Pero creían ellos, los intonsos viajeros, que al llegar a El Ecuador, el cielo reventaría en luces, el sol fulgiría, y todo había de ser esplendores. Les sorprendieron allá nubes, nubes negras, olas verdosas, vientos cambiantes, aguaceros bruscos... Y así pasaron los tres sorianitos del viejo mar -ante Colombino- al mar nuevo de la vida moderna. Días hubo en que la negrura del firmamento parecía anunciar la muerte. Soplaban los huracanes, rugían las antenas, bailoteaba el vapor. Cárdenos relámpagos entristecían más que iluminaban los espacios. Y los tres niños, juntas las manos y juntos los rostros, temían el final de la aventura. Ellos rezaban a la Virgencita de la aldea, la Virgencita alabastrinal, imagen medioeval que se hallaba en el altar de Pareduelas-Albas. Pensaban en los padres muertos, y se resignaban al sacrificio. Luego, las nubes se alejaban, el cielo azul, de un azul pálido, dejábase descubrir en la inmensa lontananza. Entonces el regocijo volvía a los tripulantes. Y un marinero, de los encargados de servicio de la clase tercera, hijo de Bermeo, un hombre bueno, de esos que andan por los mares, lleno de santidad y de bravura, daba, al pasar, un golpe amistoso en los rudos cráneos de los sorianos; y él decía:
-No ha de ser todo malo, muchachitos, no os asustéis... Bromas del mar. Mirad al cielo esta noche y veréis las nuevas estrellas.

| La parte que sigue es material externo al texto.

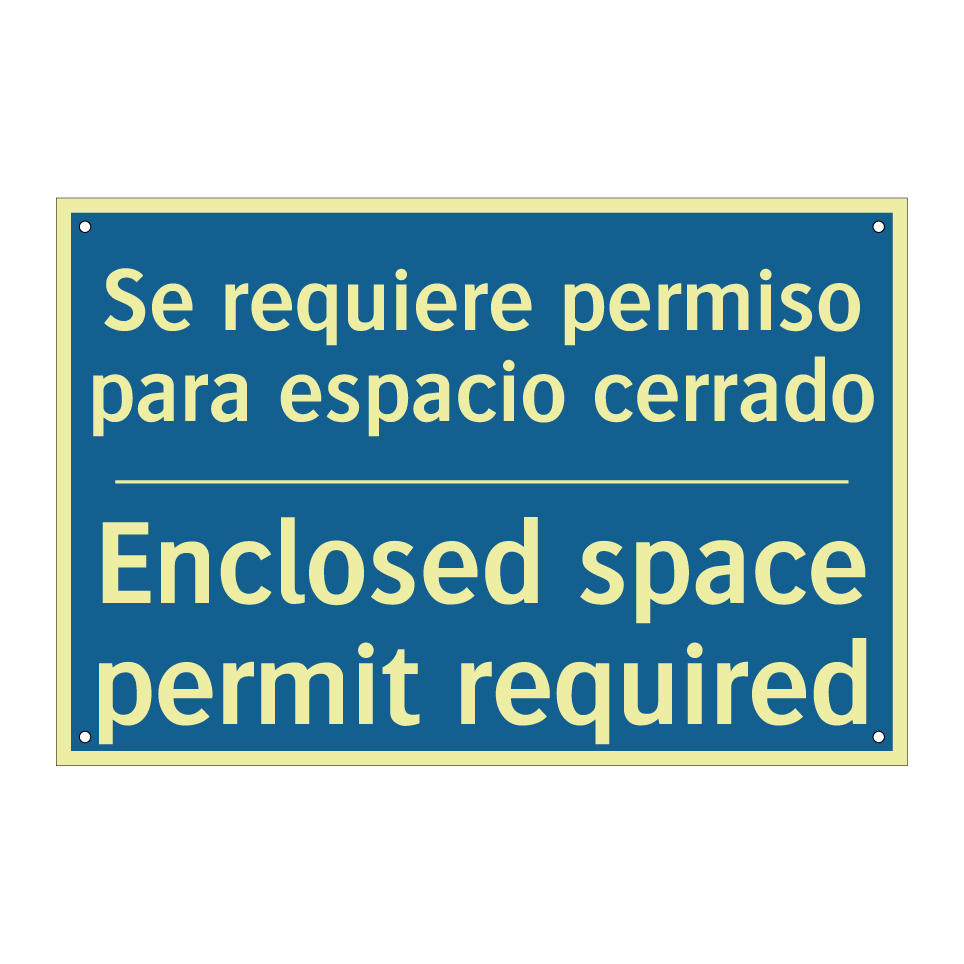 Se requiere permiso para espacio  /.../ - Enclosed space permit required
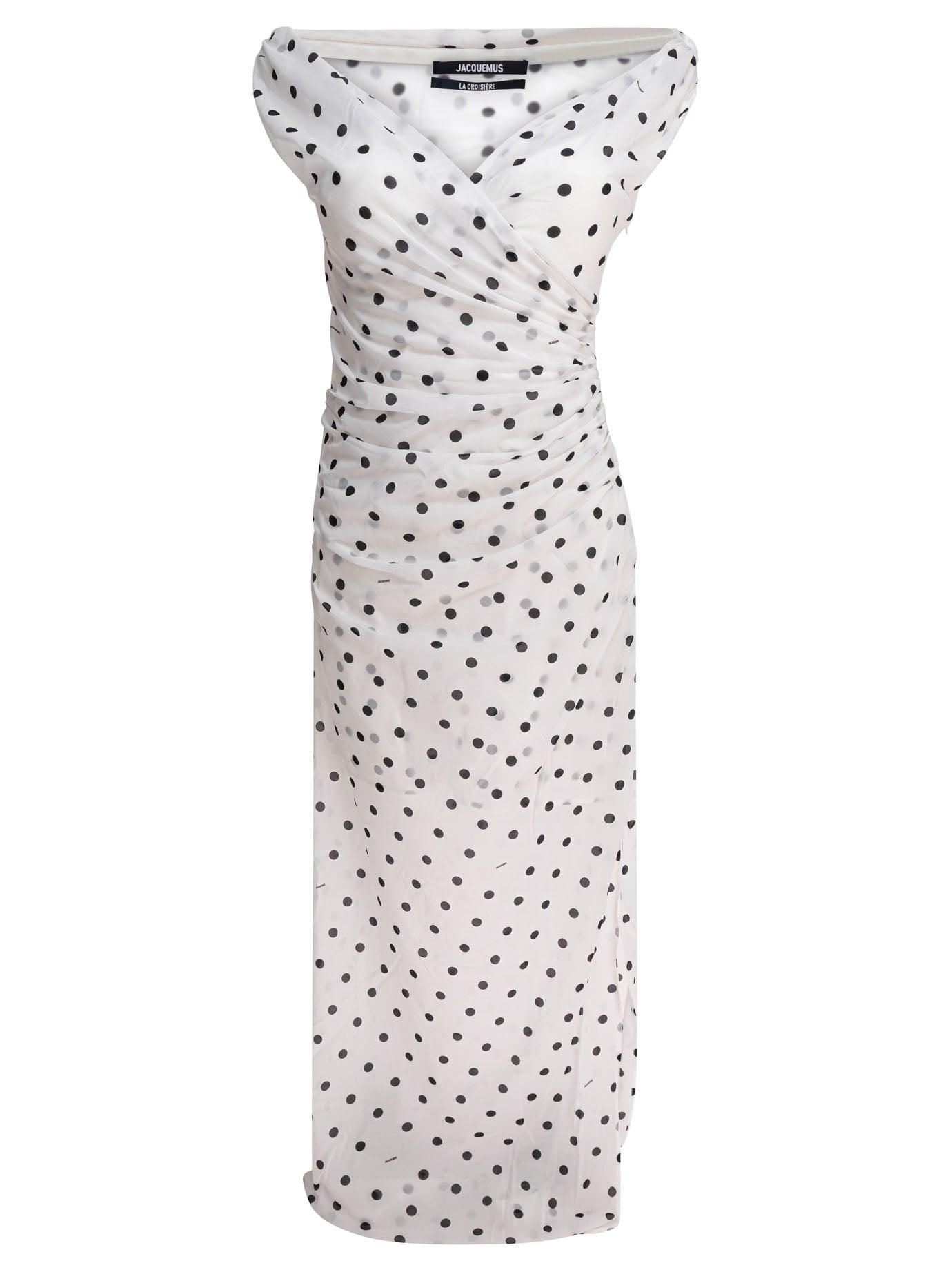 JACQUEMUS Women Rita Pois Long Dress In White Product Image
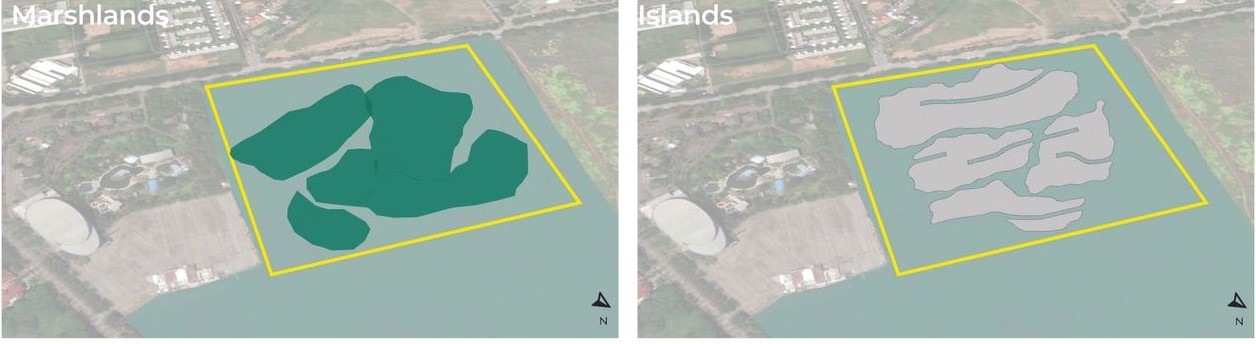 Strategic placement of marshlands and floating islands.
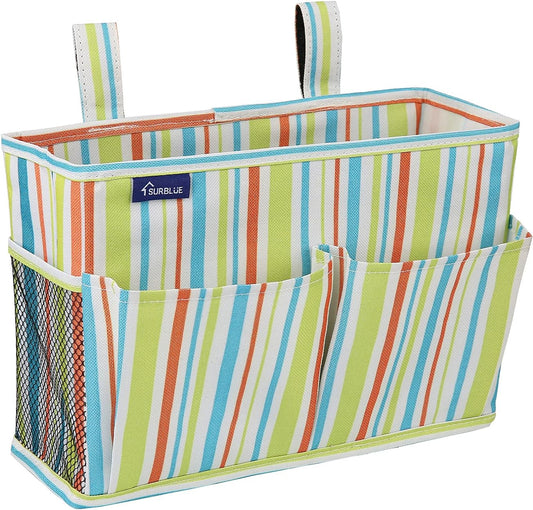 Surblue Bedside Caddy Hanging Bed Organizer Storage Bag Pocket for Bunk and Hospital Beds, College Dorm Rooms Baby Bed Rails,Wheelchair Side Bag,Camp Chiars,4 Pockets and 2 Hooks (Small GreenStripe)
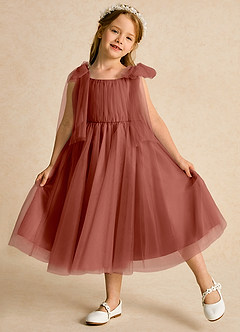 Azazie Dori Robe Demoiselle D'honneur Fillette Robe Trapèze en Tulle Rayé Auburn image4
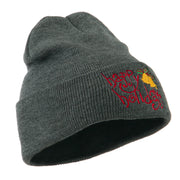 Happy Holidays with Bells Embroidered Long Beanie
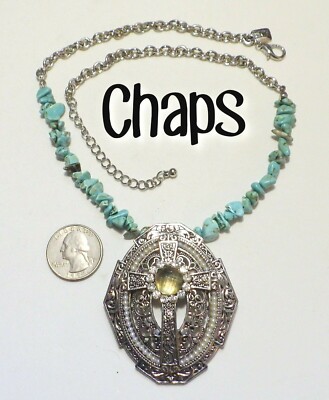 Stunning Signed CHAPS Turquoise Chip & Lg Filigree Cross Medallion Necklace 20''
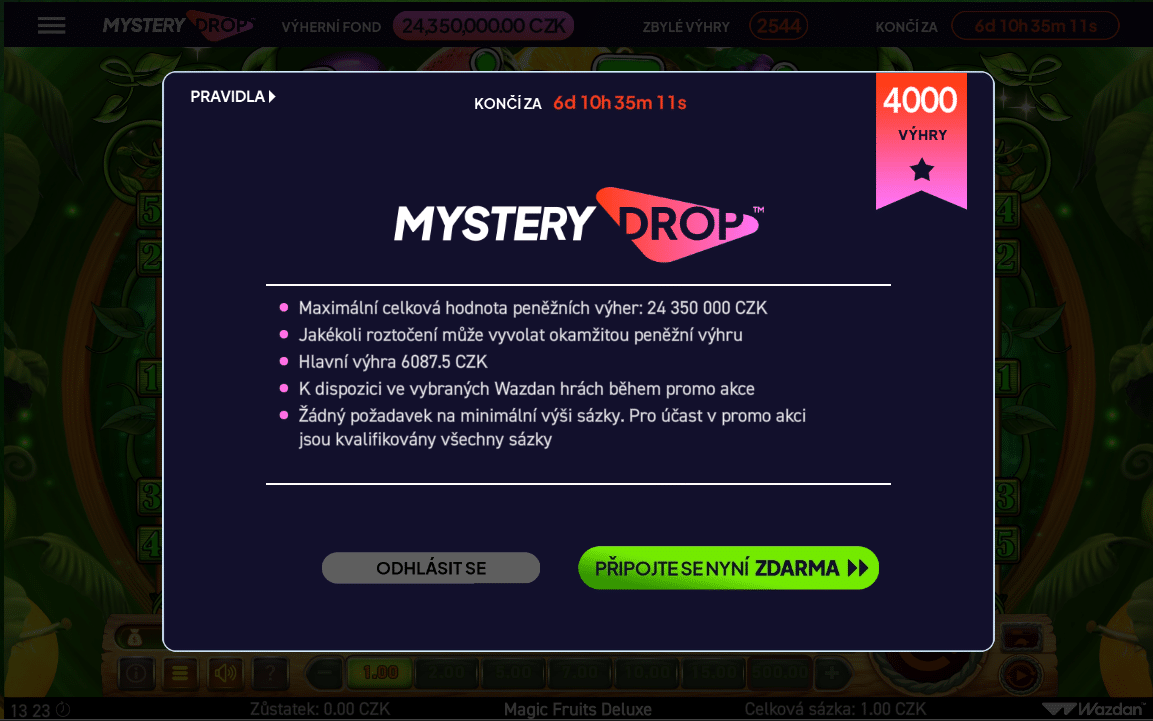 Apollo Mystery drop připojení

Próspero dio las gracias al marinero, y contestó:
-No nos asustamos. Lo que hay es que como esto es nuevo para nosotros, todo nos parece extraordinario.
Y aquella noche, siguiendo el consejo del bermeano, los niños miraron a lo alto. Fue una sorpresa extraordinaria la que experimentaron los tres sorianitos. Ellos, niños campesinos, sabían de memoria las estrellas, y entonces observaron otras estrellas. Los espacios que separaban unas de otras eran mayores. Había inmensidades obscuras. En un paraje de la bóveda celeste, se concretaban y se unían millaradas de lucecitas. Una imperaba sobre todas. Era como un nuevo sol que osara brillar en la noche.
Próspero dijo a sus hermanos:
-Esto si que me da miedo. No veremos ya la estrelluela del pastor, ni la lunita del ciervo, ni las siete cabrillas saltadoras, que allá en nuestro pueblo nos iluminaban cuando íbamos al herrado en busca de la yegua coja, que murió al día siguiente de nuestro padre. Todo va a ser distinto, todo va a cambiar para nosotros... Pero confío en que la Santa Virgen de nuestra aldea, mande en todas partes, y ella nos ampare y nos recoja y nos defienda... Y recemos un Padre Nuestro, hermanos míos.
Y los tres sorianitos, rezaron, cruzadas las manos, altas las conciencias, mirando a aquel cielo y pidiéndole merced.